É a sul de Benavente, na imensa planície que une o Ribatejo ao Alentejo, que se situa esta casa. Estamos em plena herdade de Santo Estêvão, antiga propriedade agrária agora convertida num condomínio privado.
Uma vez ultrapassada a portaria que assinala a entrada do empreendimento, surgem várias moradias, algumas envoltas em vegetação, outras rodeadas pelas obras e arruamentos em curso. Todas, invariavelmente, construídas segundo parâmetros convencionais. E é com os olhos ainda viciados numa arquitectura corrente que surge, já na recta final da herdade, esta casa improvável. Tem a configuração de um paralelepípedo, sendo que qualquer olhar menos atento a pode tomar por uma estrutura destinada a fins não habitacionais um bar, um restaurante, um ginásio? A estrutura é muito simples e linear, assemelhando-se, caso estores e janelas estejam fechados, a uma caixa. O telhado não existe, tendo sido substituído por uma cobertura plana (com seixo rolado e que será relvada numa fase posterior) de forma a acentuar a horizontalidade da construção. O formato dos vãos também reforça essa horizontalidade, dado serem significativamente mais rasgados do que é habitual. Ainda no exterior, o acabamento em reboco foi preterido em favor de painéis de madeira. Até a entrada principal é insólita: processando-se através de um dos alçados laterais e não da fachada principal.

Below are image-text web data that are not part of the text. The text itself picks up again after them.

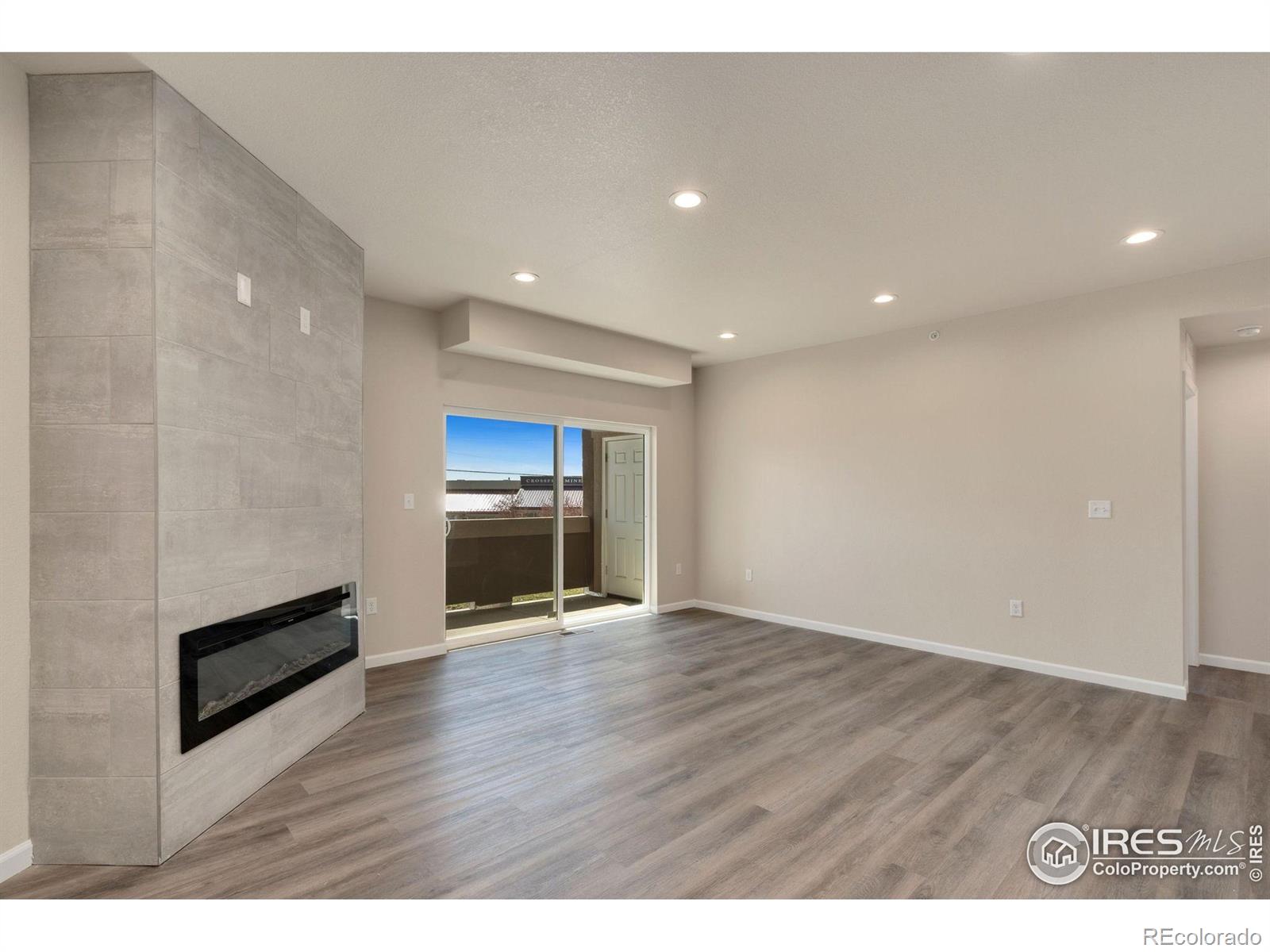MLS Image #3 for 875 e 78th avenue,denver, Colorado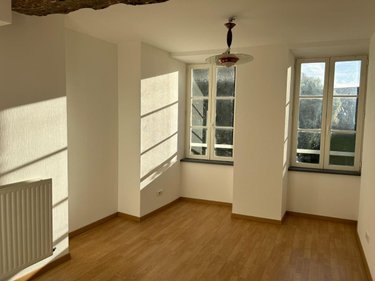 Appartement a vendre Guingamp 22200 Côtes-d'Armor 129 m2  395296 euros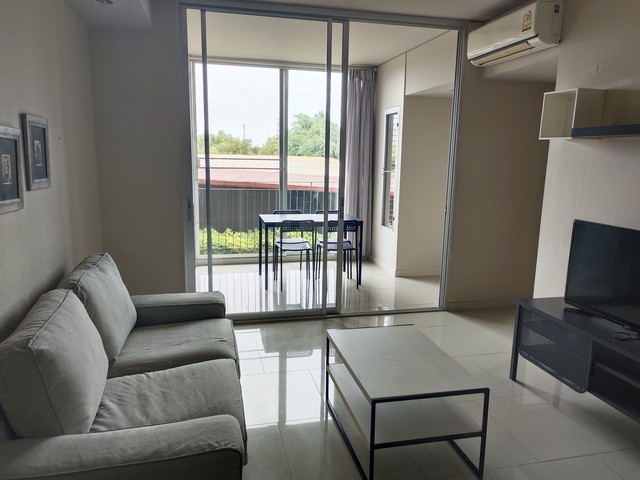 ให้เช่าคอนโดฟ้าโดม ตึก A 40 ตรม.ห้องมุมพิเศษ มีห้องเดียว เฟอร์ครบ เครื่องใช้ไฟฟ้าครบ ใกล้ ม.ธรรมศาสตร์รังสิต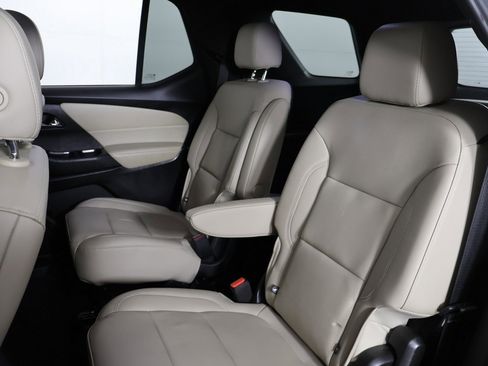 Used 2023 Chevrolet Traverse LT w/ Rear Camera Mirror Package image 34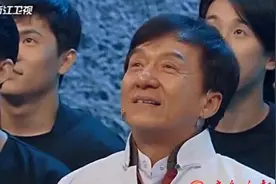 《王牌对王牌》第二季成龙大哥哭了 现场发生了什么图片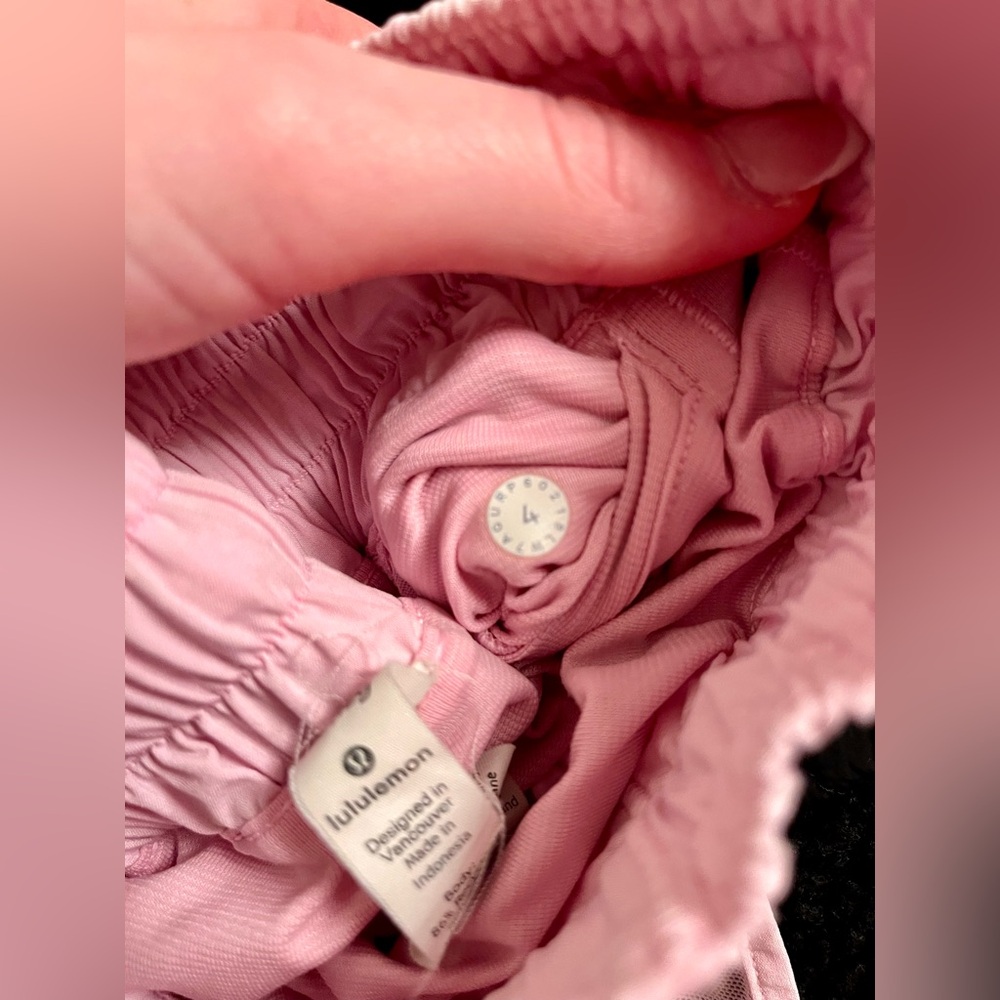 Lululemon Hotty Hot shorts 2.5”. Light pink size 4 - Picture 4 of 4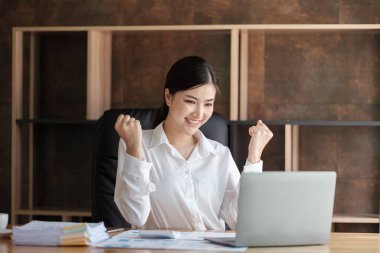 Ofisteki Akıllı Kadın. Yüksek kalite fotoğraf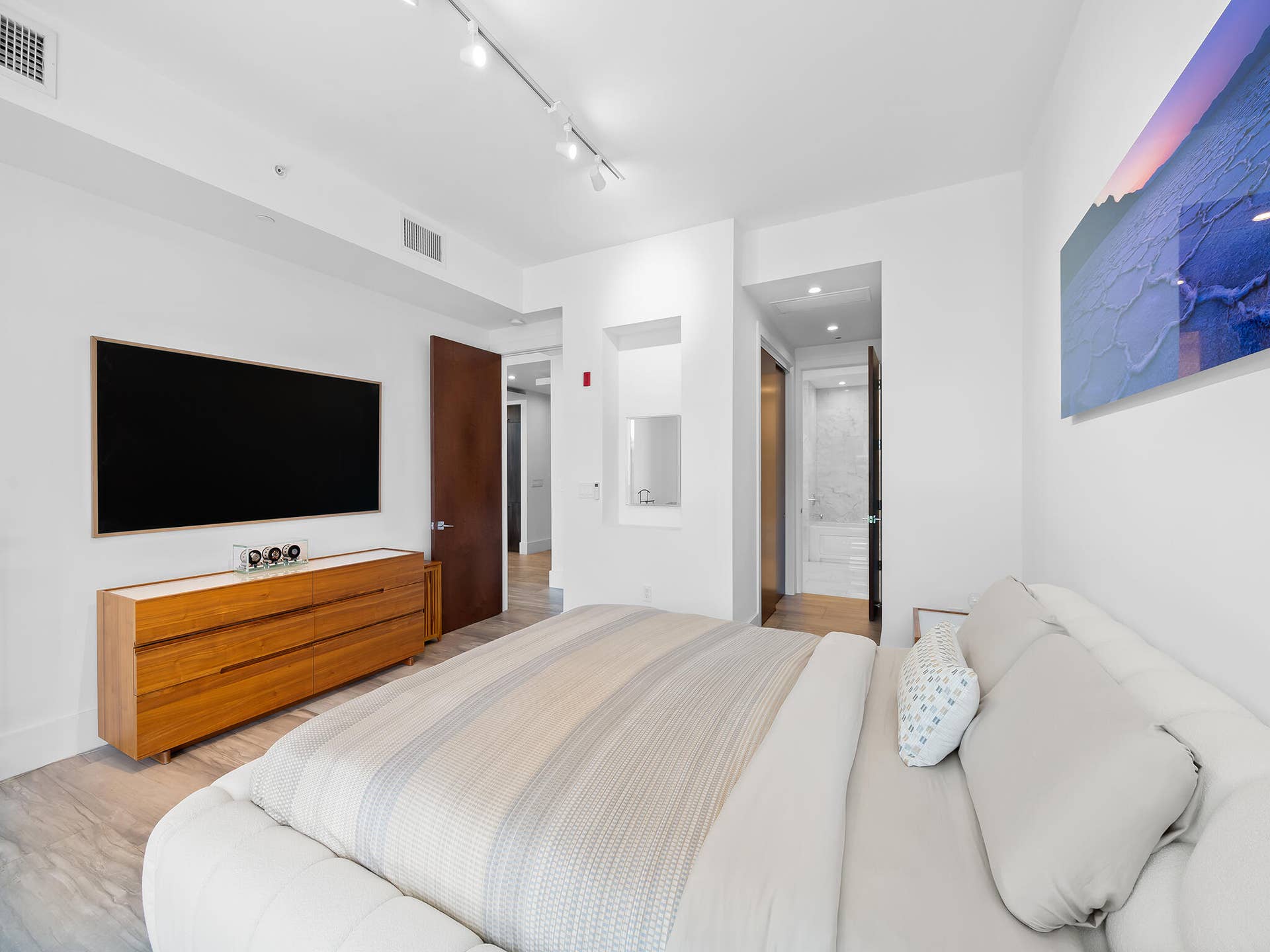 161 ISLE OF VENICE Drive, #204, Fort Lauderdale, FL 33301 DSC_3552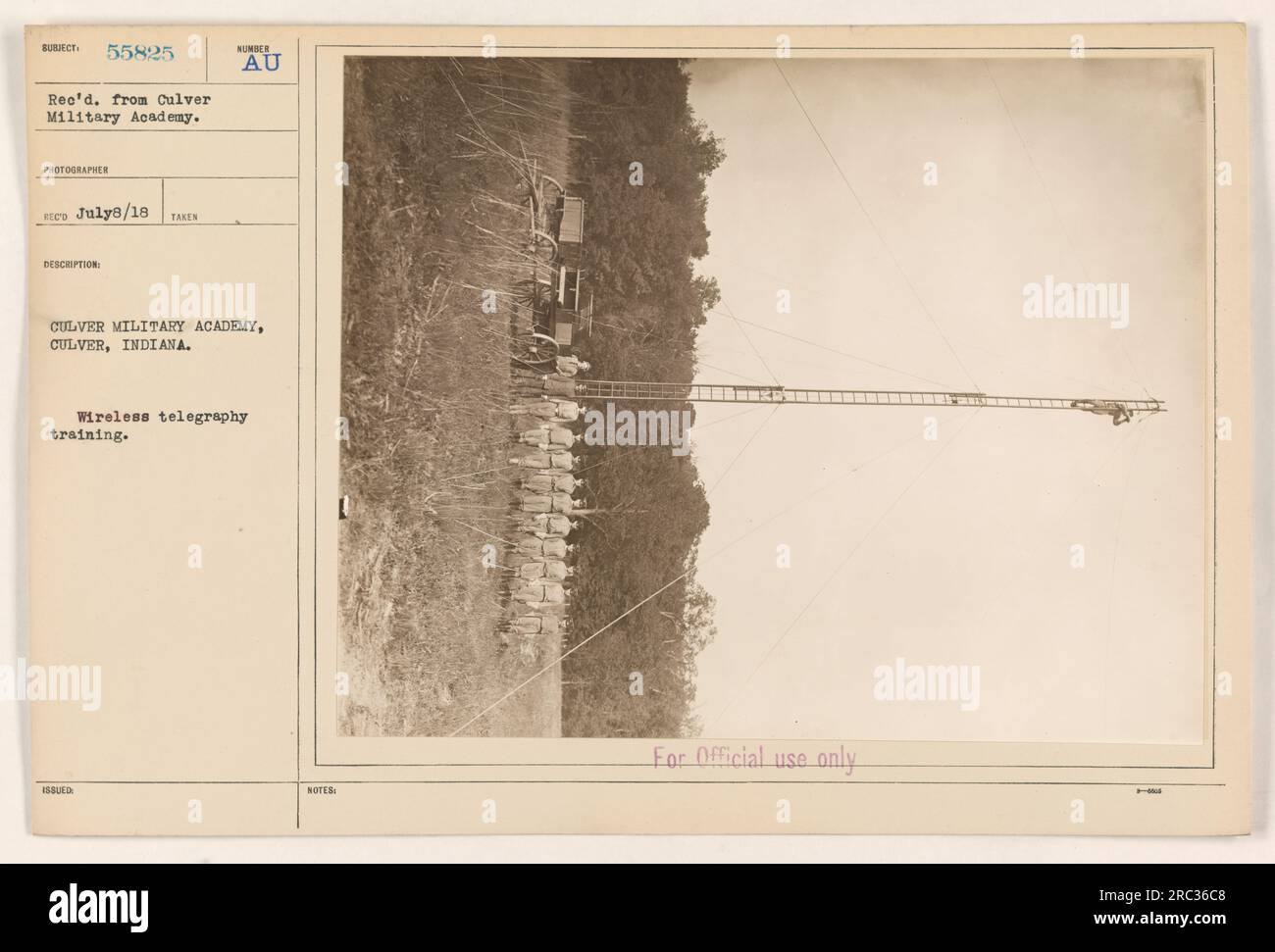 Culver Military Academy dans l'Indiana mène une formation en télégraphie sans fil pendant la première Guerre mondiale. Cette photographie, étiquetée '55825', a été prise par le photographe ELCO en juillet 1918. L'image montre des étudiants et des instructeurs engagés dans des activités de formation et démontre l'importance de la communication sans fil pendant la guerre. Banque D'Images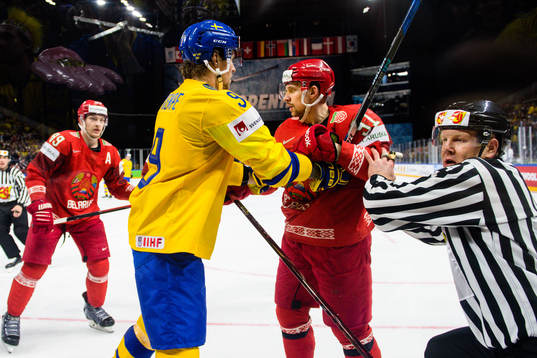 Sveriges Adrian Kempe i bråk med Vitrysslands Artur Gavrus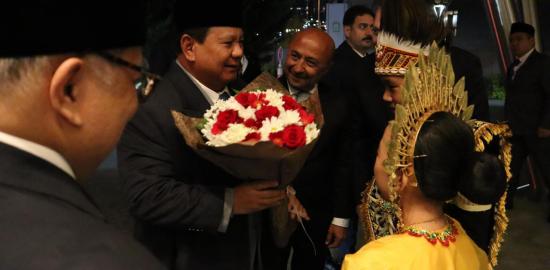 Antusiasme Diaspora dan Mahasiswa Indonesia Sambut Kedatangan Presiden Prabowo di Ankara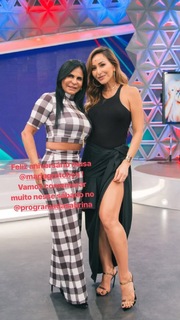 Sabrina Sato feet photo thumbnail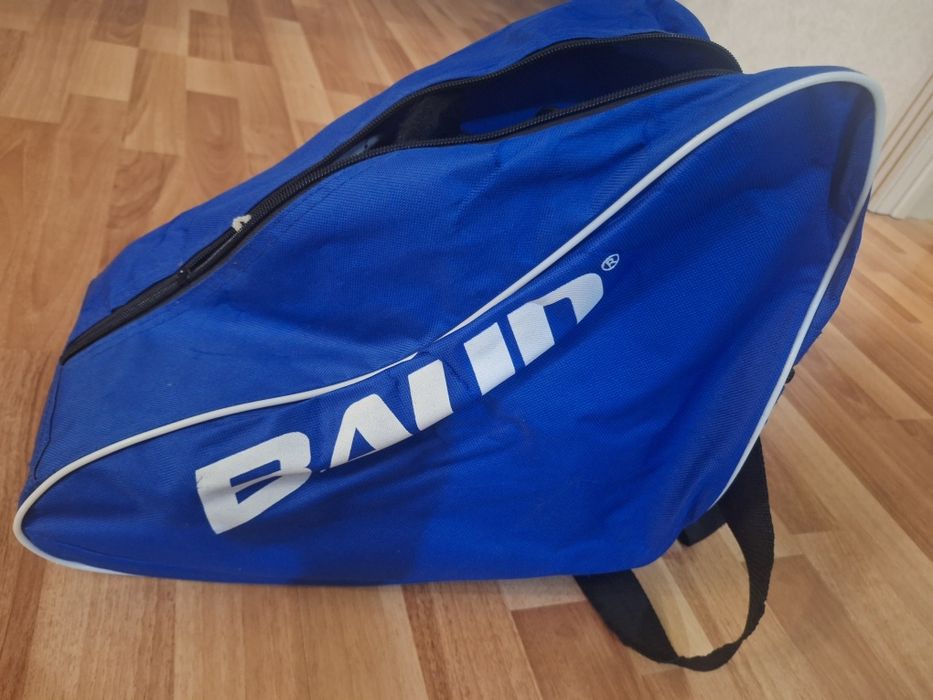 Продам хокейные коньки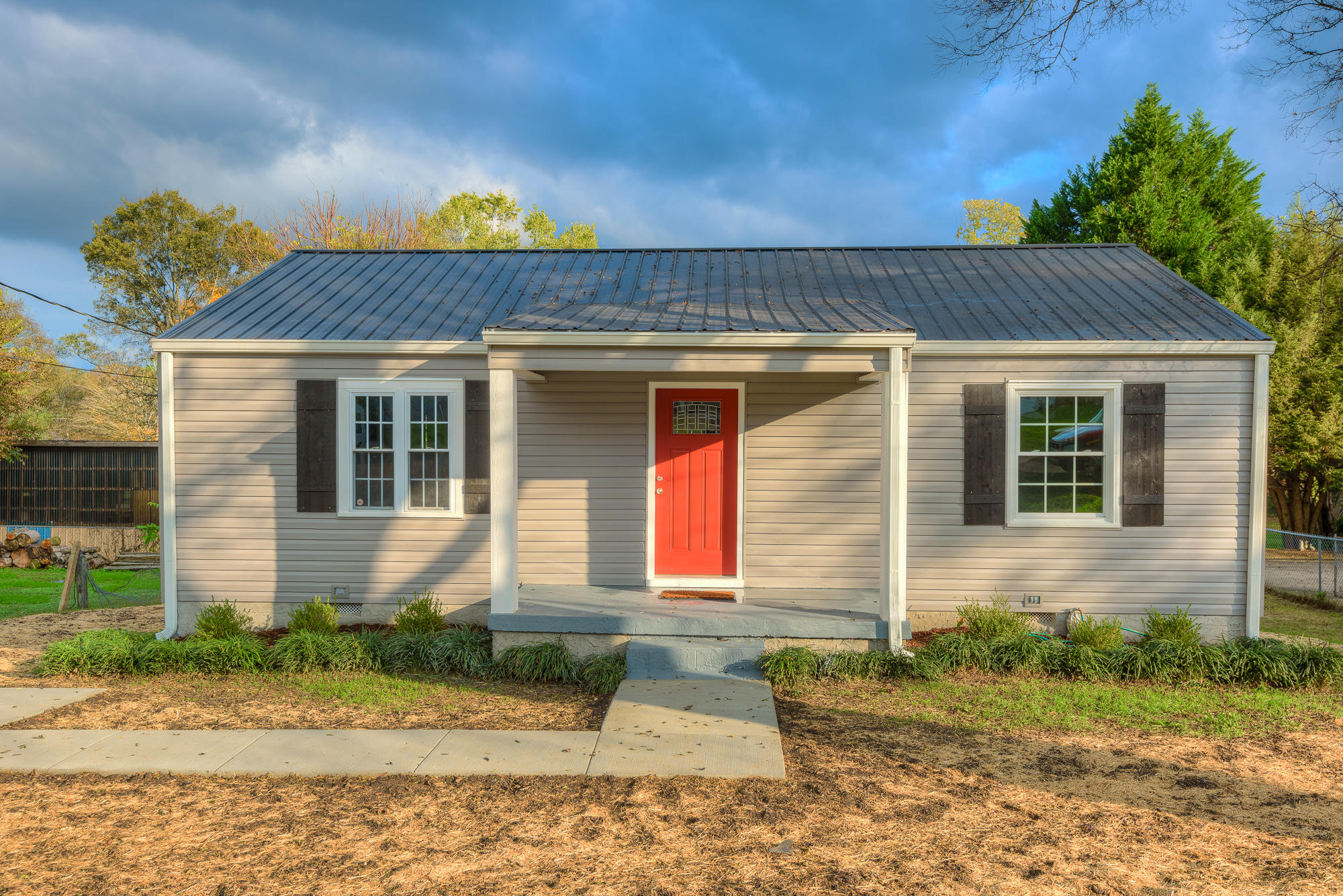 2008 Schmidt Road Chattanooga, TN 37412 - Photo 3 of 34 xfront_2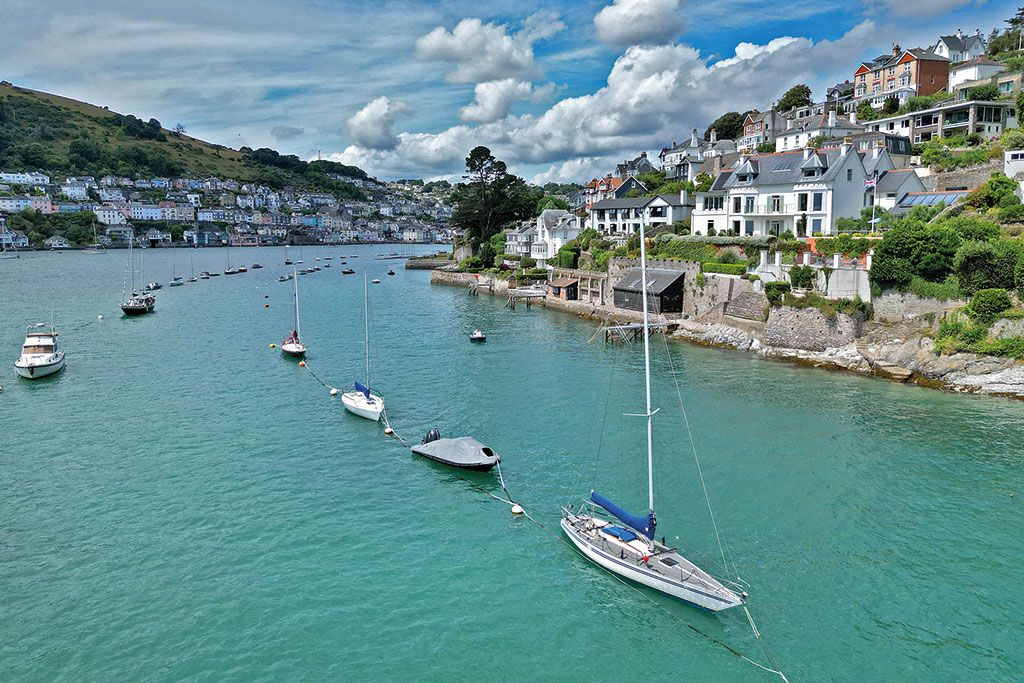Riverside properties for sale: Riversea, Kingswear, Dartmouth, Devon.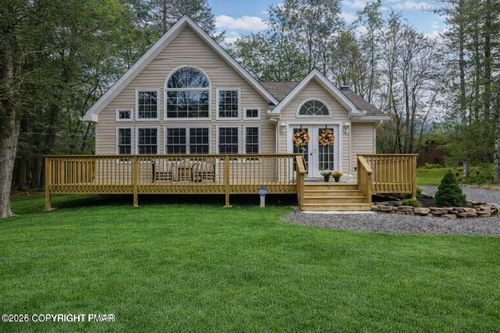37 Tamarack Trl, Albrightsville, PA, 18210-7003 | Card Image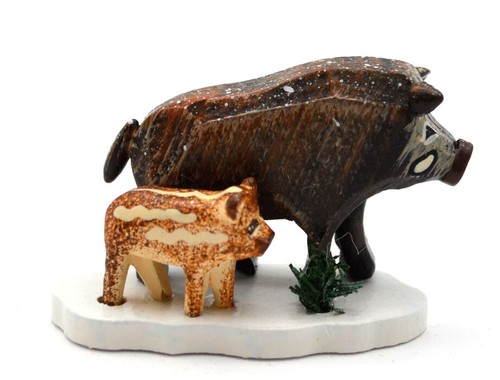 Stück wildschweinmutter mit - stück,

No interior também predominam materiais inusitados: o pavimento da sala, cozinha, escritório e casas de banho é de betão (com 5% de pigmento preto) com tratamento em cerca acrílica. Nos quartos, e para evitar a frieza do betão, optou-se por madeira de bétula, mais intimista.
A arquitectura depurada que se visualiza no exterior encontra paralelo num interior despoluído de adornos: eliminaram-se rodapés, frisos e aduelas. As clarabóias das casas de banho têm a forma de um rectângulo, numa evocação ao desenho da casa e o mesmo acontece com os lavatórios. Tudo é recto, sem remates decorativos. Betina Gameiro, proprietária, recorda os pressupostos apresentados aos arquitectos Pedro Matos Gameiro e Carlos Crespo, autores do projecto: ‘Pedimos-lhes uma casa térrea, cheia de luz, fácil de habitar, de vivência directa, isto é, sem corredores e divisões labirínticas.’ Ao todo, a moradia conta com 250 metros quadrados, inseridos num lote de mil. A sala funciona como núcleo central (uma espécie de pátio interior) pois qualquer percurso que se faça obriga à passagem por esta divisão, situada a meio da casa e que vai da fachada principal à retaguarda.
‘Do meu quarto para o dos meus filhos tenho de passar pela sala’, exemplifica a proprietária que elege esta divisão como a preferida. É no sofá, com os estores eléctricos completamente recolhidos que costuma apreciar, através das amplas vidraças, o crepúsculo e o acender das luzes que iluminam as árvores do jardim: à sua frente um enorme carvalho, atrás um ácer japónico. Algumas velas e candeeiros a meia-luz compõem um cenário que Betina considera ‘quase místico’. É então que lhe surge a inspiração para pintar. Neste momento, a casa funciona como galeria de exposição para algumas das suas telas, sobretudo as de timbre Pop.